Kudos to Father Bill W. for diving into the ingredients of the Steps. I've never seen any justification in history for the "asset and liability" idea of a 4th Step list. As Sam Shoemaker described his meeting with Buchman, Sam said he felt something was wrong in his life. Buchman said: "Must be sin." Sam then used the Four Absolutes as an inventory and made the comment "My sins rose before me like tombstones." No assets involved. And Shoemaker's personal journals make that clear. When Wilson tackled the Four Absolutes, the first thing he did was abolish them. He was evidently petrified over the "purity" examination. But Wilson adopted the test that Frank Buchman specifically laid out for "resentment, self seeking, dishonesty, and fear." Wilson left out the dishonesty part. And, if you read the Big Book carefully, you will see that the list on Step Four does not square with the four items in Step Ten--the daily inventory (Buchman's resentments, self seeking, dishonesty, and fear) Moreover, my reading of the Fourth Step inventory indicates four lists--not three: (1) Resentments. (2) Fear. (3) Selfish sex. (4) The people we have harmed. And the last item pops up as the guide to Step Eight.

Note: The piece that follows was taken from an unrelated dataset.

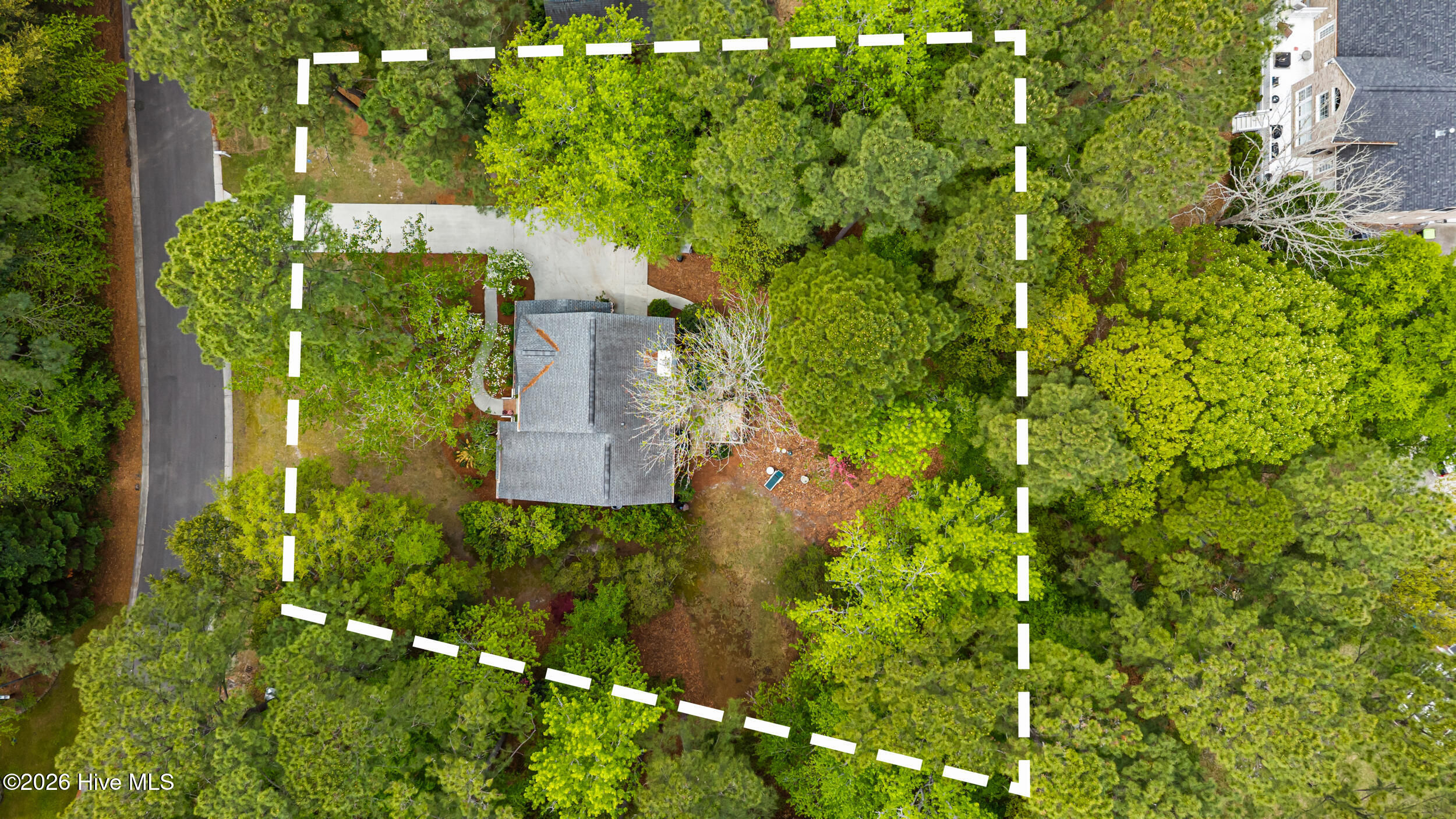 main property photo 48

Anyhoo, this will give your readers something to chew on as they contemplate the "sin" origins of the inventories and what Buchman and Shoemaker (and even Bill W.) clearly regarded as the "sins" to be examined.
Later, the priests who edited Bill's 12 x 12 persuaded him to put in the "seven deadly sins." But there is no historical A.A. root for that approach.
God Bless, Dick B.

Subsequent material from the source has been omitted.